アルフレッドはギャンビットに金を渡した。

「エドモンド」

ギャンビットはうれしそうな顔をして走り出した。これで本屋にはアルフレッドとエリザベータ・アンゲルトリューテン・ウォンチョンの二人だけになった。

「アルフレッド、手紙に書いてあるモンゴリアン駅ってどこにあるんだい?」

「さあ・・・」

「は?知らないのか?」

エリザベータ・アンゲルトリューテン・ウォンチョンは呆れた様な目をしている。

「まぁまぁ、うちは本屋だぜ?地図で調べりゃすぐ分かるさ」

アルフレッドは本棚から大きな地図帳を引っ張り出し、モンゴリアン駅を探しだした。

「えーと、モンゴリアン・・・モンゴリアン・・・」

数分たっても、アルフレッドはまだ地図と格闘している。

「モンゴリアン・・・あった!」

「どこにあるんだ?」

「スピン市だ。スピン市のど真ん中の地下鉄の駅だ」

「へぇ〜へぇ〜」

エリザベータ・アンゲルトリューテン・ウォンチョンはレジの置いてある台ををばしばし叩いた。

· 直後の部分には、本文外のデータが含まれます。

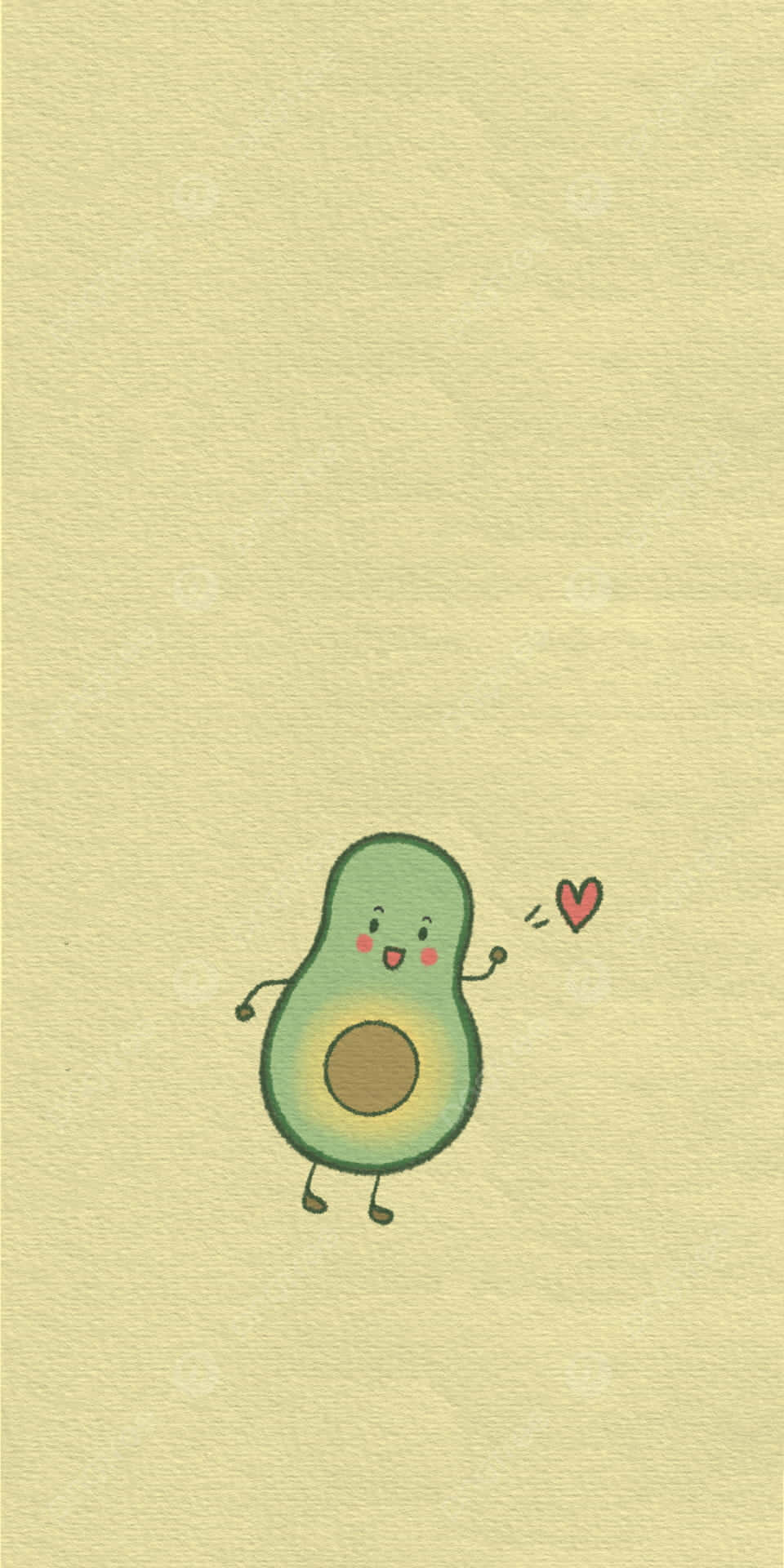 Cute Avocado 桌布 壁紙 — 一個可愛的卡通牛油果，面帶微笑，臉頰泛紅，在紋理淺黃色背景上揮舞著一個小心形。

アルフレッドは平然とエリザベータ・アンゲルトリューテン・ウォンチョンの行動を無視した。

「うちの村からだと西に五十キロってとこだな」

「馬で行けばすぐじゃないか」

〈俺はラバだけどな!〉

アルフレッドは心の中で叫んだ。

「ギャンビットが帰ってくる前に準備を終わらそう」

「あたしはもう終わってるよ」

「いやいや、さっきから何もやってないじゃんか」

「あたしはこれがあれば他は何もいらないよ」

エリザベータ・アンゲルトリューテン・ウォンチョンは、ベルトに差してある大きな斧と携帯に便利な小型の斧を見せた。

考えてみれば、エリザベータ・アンゲルトリューテン・ウォンチョンはずっと同じ格好をしている。普段は香水でごまかしているが、近寄るともの凄く臭い時がある。真性の風呂嫌いだった。

アルフレッドは自分の部屋に戻り、荷造りをした。短剣と古文書だけは忘れてはいけない。これがアルフレッドがレイモンド家の落胤だということを証明するものに他ならない。さらに、母からもらった指輪とペンダントを身に付けた。

「おーい、ギャンビットが帰ってきたぞ!」

「分かった、すぐ行く!」

アルフレッドが店に出ると、二人が待っていた。

「エドモンド」

ギャンビットは何故かにこにこしている。

アルフレッドが荷造りをしている間に食糧も積み終わったようだ。

「じゃあ、門まで行くか」

三人は馬とラバを連れ、村長の指定した門までやってきた。あれからきっかり一時間たっている。村長はまだ来ていない。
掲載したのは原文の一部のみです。